So what does that mean for the Missouri offense? I broke down the differences between Franklin and Mauk a couple of weeks ago at Rock M Nation.
Basically, Mauk averaged more yards per pass attempt with fewer sacks but a much lower completion rate, and about as many rushes per start, he averaged one fewer yard per carry. And he did this without the benefit of cupcakes. Hell, if we look only at BCS opponents, Franklin was only averaging 6.6 yards per pass attempt, 85 percent of Mauk's average.
Mauk did well, in other words.
So how big a deal is Mauk's completion percentage? He averaged 4.1 more yards per completion than Franklin did, but he completed only half of his passes. And besides, if you take out one single pass -- the 97-yard touchdown to L'Damian Washington -- Mauk's per-attempt average sinks to 7.0. That's still solid considering the competition, but not nearly as solid.
The effect of efficiency is noticeable when it comes to three-and-outs.
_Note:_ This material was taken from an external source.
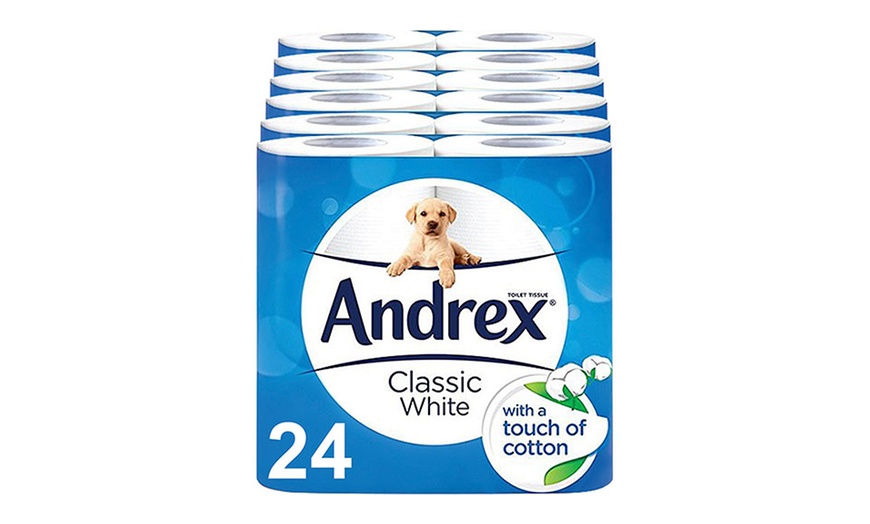 Image 1: 24 Rolls of Andrex Classic White Two-Ply Toilet Paper
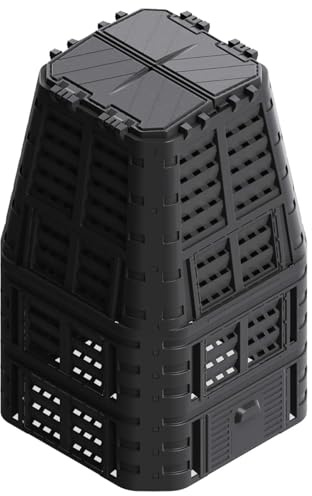Gecheer Compostiera da Giardino, 1000 L 93,3x93,3x146 cm, per decomposizione rifiuti organici, fertilizzante umido, composto rifiuti da cucina, scarti alimentari, per giardinaggio domestico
As I discussed in my book -- currently $12.59 at Amazon! -- three-and-outs are deadly. They aren't as bad as turnovers, but you better not commit more than about three per game. With Franklin at the helm, Missouri went three-and-out 14 percent of the time; with Mauk, it was 22 percent of the time. And even as Franklin was producing pretty mediocre passing averages in his three games versus BCS competition, he was moving the chains: Mizzou went three-and-out just three times in 35 possessions (9%) versus Indiana, Vandy, and Georgia.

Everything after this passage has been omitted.